§ **DIRECTIONS**:
Give every line of the data again, unchanged, but with no pictures.

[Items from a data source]
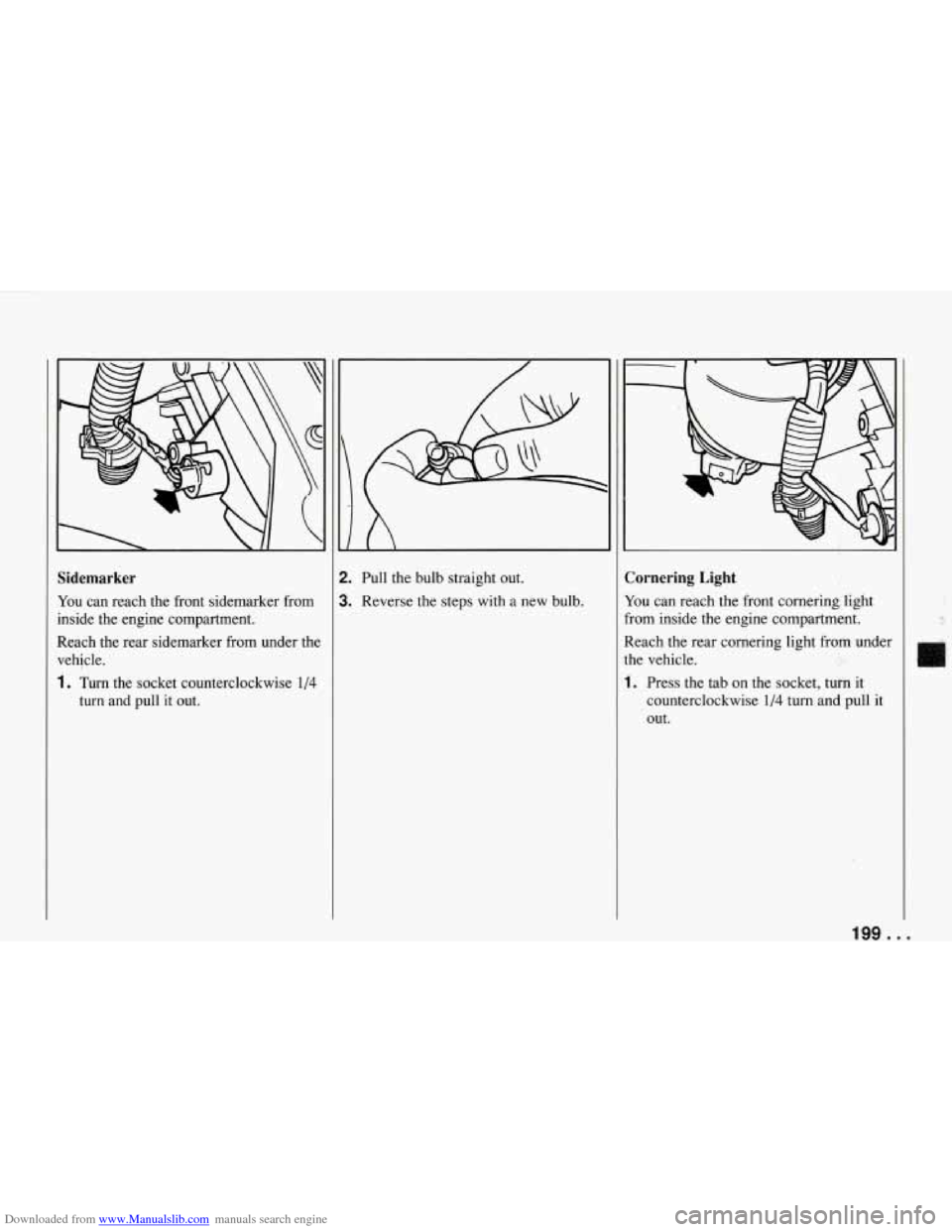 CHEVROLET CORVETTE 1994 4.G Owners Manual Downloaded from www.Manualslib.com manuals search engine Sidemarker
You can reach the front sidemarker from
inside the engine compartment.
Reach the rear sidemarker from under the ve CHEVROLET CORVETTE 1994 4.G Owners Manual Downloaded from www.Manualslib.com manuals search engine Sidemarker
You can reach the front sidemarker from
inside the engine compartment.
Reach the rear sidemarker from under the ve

§ **COMPLETED EXERCISE**:
 CHEVROLET CORVETTE 1994 4.G Owners Manual Downloaded from www.Manualslib.com manuals search engine Sidemarker
You can reach the front sidemarker from
inside the engine compartment.
Reach the rear sidemarker from under the ve CHEVROLET CORVETTE 1994 4.G Owners Manual Downloaded from www.Manualslib.com manuals search engine Sidemarker
You can reach the front sidemarker from
inside the engine compartment.
Reach the rear sidemarker from under the ve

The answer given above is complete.